**Data excerpt**
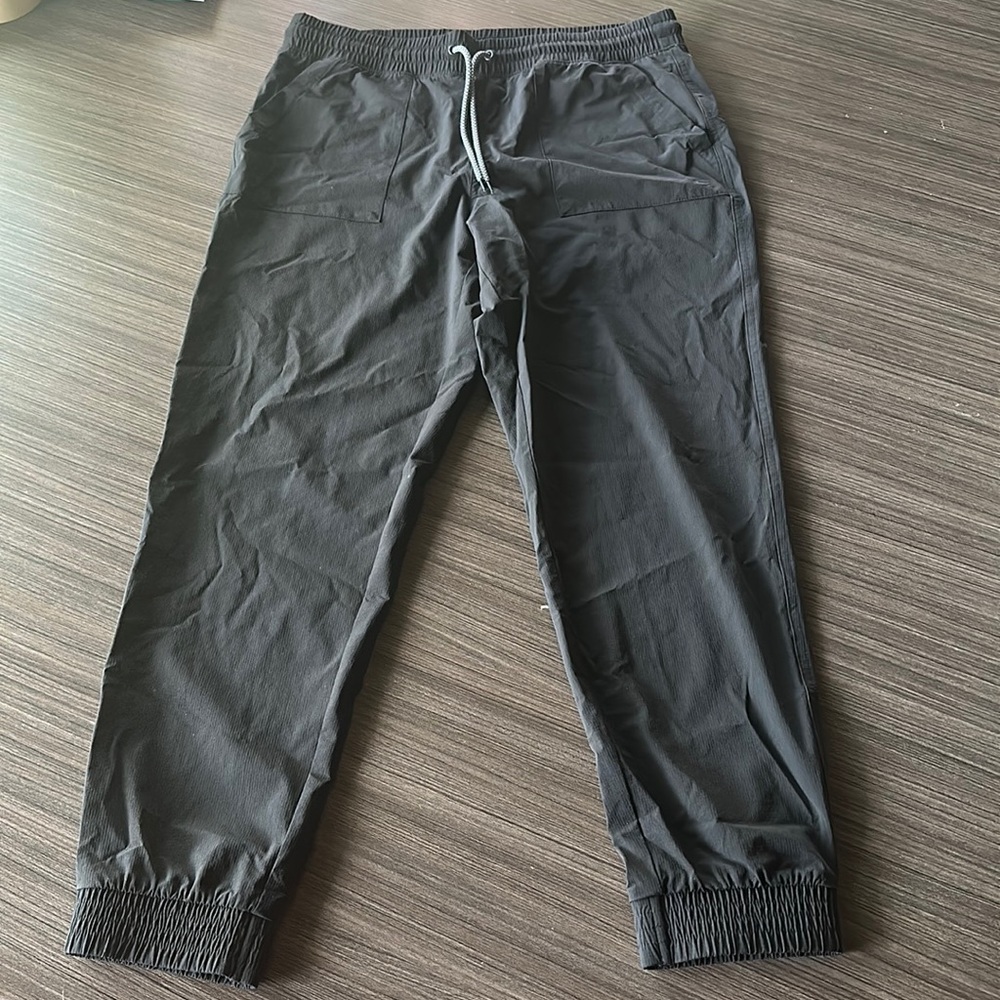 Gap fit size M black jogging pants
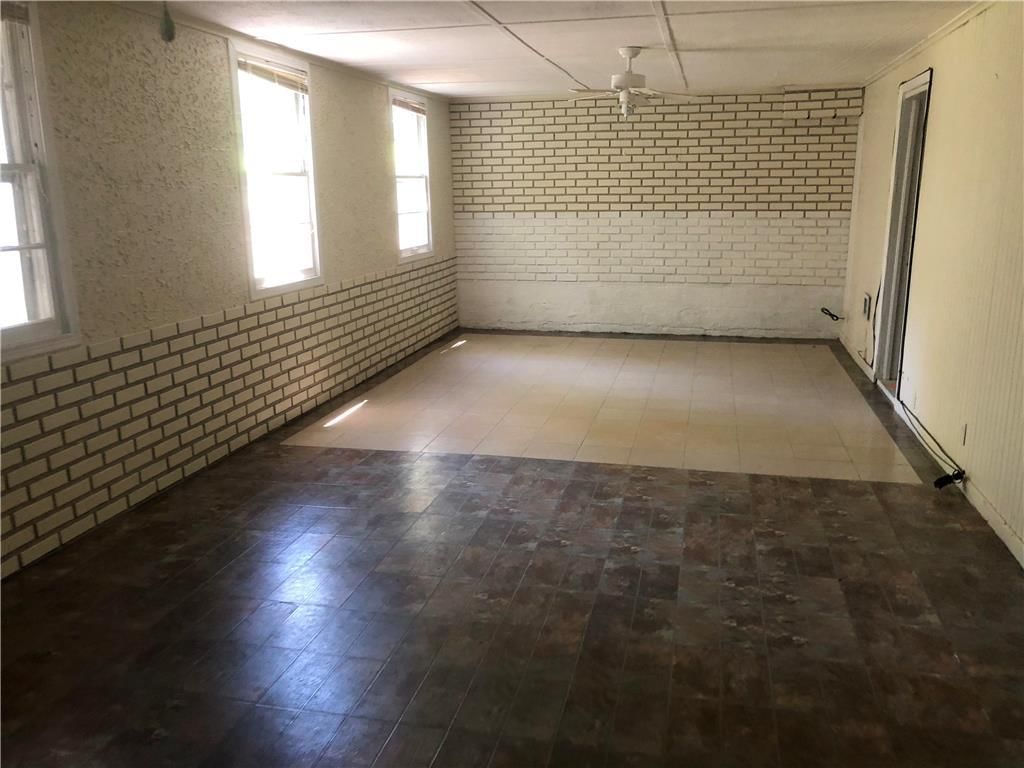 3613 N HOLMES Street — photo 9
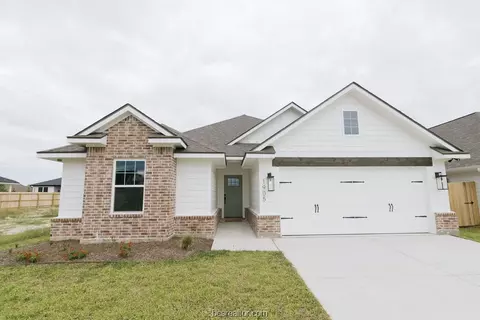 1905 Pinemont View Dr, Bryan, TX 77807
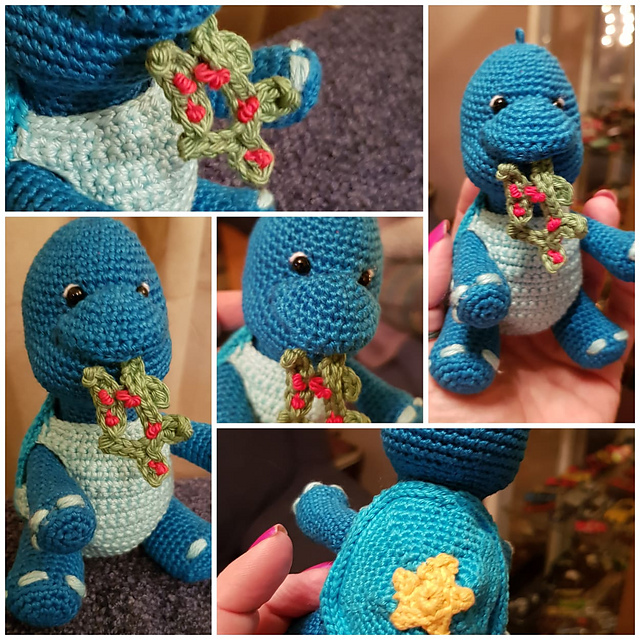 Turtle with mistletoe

**Task description**
Please print all the data above word for word. Pictures should not appear in the copy.

**Solution**
 Gap fit size M black jogging pants
 3613 N HOLMES Street — photo 9
 1905 Pinemont View Dr, Bryan, TX 77807
 Turtle with mistletoe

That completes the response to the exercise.